Records for the exercise START
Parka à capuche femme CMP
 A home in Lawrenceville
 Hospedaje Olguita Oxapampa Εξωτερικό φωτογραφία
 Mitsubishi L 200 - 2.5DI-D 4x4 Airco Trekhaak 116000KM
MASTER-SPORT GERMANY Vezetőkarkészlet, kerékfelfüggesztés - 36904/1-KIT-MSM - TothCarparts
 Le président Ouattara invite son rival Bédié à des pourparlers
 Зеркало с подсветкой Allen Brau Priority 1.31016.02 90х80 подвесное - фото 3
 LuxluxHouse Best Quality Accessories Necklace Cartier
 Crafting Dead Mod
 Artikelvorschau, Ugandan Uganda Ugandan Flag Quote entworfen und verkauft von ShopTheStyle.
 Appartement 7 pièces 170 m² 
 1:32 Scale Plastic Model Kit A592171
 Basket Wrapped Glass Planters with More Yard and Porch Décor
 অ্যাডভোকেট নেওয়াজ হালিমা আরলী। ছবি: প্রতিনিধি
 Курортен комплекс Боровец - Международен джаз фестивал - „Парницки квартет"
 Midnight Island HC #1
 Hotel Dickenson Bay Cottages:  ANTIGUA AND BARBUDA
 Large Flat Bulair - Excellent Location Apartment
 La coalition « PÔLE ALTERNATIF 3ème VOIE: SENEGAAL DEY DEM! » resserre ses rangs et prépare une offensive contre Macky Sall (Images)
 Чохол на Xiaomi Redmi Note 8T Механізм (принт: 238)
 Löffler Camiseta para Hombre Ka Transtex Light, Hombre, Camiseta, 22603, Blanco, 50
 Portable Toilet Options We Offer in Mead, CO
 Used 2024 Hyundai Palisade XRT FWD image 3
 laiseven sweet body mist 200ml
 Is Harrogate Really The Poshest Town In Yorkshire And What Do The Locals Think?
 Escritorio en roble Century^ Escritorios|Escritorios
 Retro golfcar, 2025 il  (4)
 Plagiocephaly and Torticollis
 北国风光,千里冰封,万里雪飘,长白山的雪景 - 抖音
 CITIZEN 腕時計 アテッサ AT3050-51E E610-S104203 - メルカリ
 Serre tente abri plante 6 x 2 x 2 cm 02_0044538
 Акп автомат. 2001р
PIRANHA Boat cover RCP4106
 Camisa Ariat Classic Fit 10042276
Records for the exercise END
Output all of the material exactly.

_Finished task_
Parka à capuche femme CMP
 A home in Lawrenceville
 Hospedaje Olguita Oxapampa Εξωτερικό φωτογραφία
 Mitsubishi L 200 - 2.5DI-D 4x4 Airco Trekhaak 116000KM
MASTER-SPORT GERMANY Vezetőkarkészlet, kerékfelfüggesztés - 36904/1-KIT-MSM - TothCarparts
 Le président Ouattara invite son rival Bédié à des pourparlers
 Зеркало с подсветкой Allen Brau Priority 1.31016.02 90х80 подвесное - фото 3
 LuxluxHouse Best Quality Accessories Necklace Cartier
 Crafting Dead Mod
 Artikelvorschau, Ugandan Uganda Ugandan Flag Quote entworfen und verkauft von ShopTheStyle.
 Appartement 7 pièces 170 m² 
 1:32 Scale Plastic Model Kit A592171
 Basket Wrapped Glass Planters with More Yard and Porch Décor
 অ্যাডভোকেট নেওয়াজ হালিমা আরলী। ছবি: প্রতিনিধি
 Курортен комплекс Боровец - Международен джаз фестивал - „Парницки квартет"
 Midnight Island HC #1
 Hotel Dickenson Bay Cottages:  ANTIGUA AND BARBUDA
 Large Flat Bulair - Excellent Location Apartment
 La coalition « PÔLE ALTERNATIF 3ème VOIE: SENEGAAL DEY DEM! » resserre ses rangs et prépare une offensive contre Macky Sall (Images)
 Чохол на Xiaomi Redmi Note 8T Механізм (принт: 238)
 Löffler Camiseta para Hombre Ka Transtex Light, Hombre, Camiseta, 22603, Blanco, 50
 Portable Toilet Options We Offer in Mead, CO
 Used 2024 Hyundai Palisade XRT FWD image 3
 laiseven sweet body mist 200ml
 Is Harrogate Really The Poshest Town In Yorkshire And What Do The Locals Think?
 Escritorio en roble Century^ Escritorios|Escritorios
 Retro golfcar, 2025 il  (4)
 Plagiocephaly and Torticollis
 北国风光,千里冰封,万里雪飘,长白山的雪景 - 抖音
 CITIZEN 腕時計 アテッサ AT3050-51E E610-S104203 - メルカリ
 Serre tente abri plante 6 x 2 x 2 cm 02_0044538
 Акп автомат. 2001р
PIRANHA Boat cover RCP4106
 Camisa Ariat Classic Fit 10042276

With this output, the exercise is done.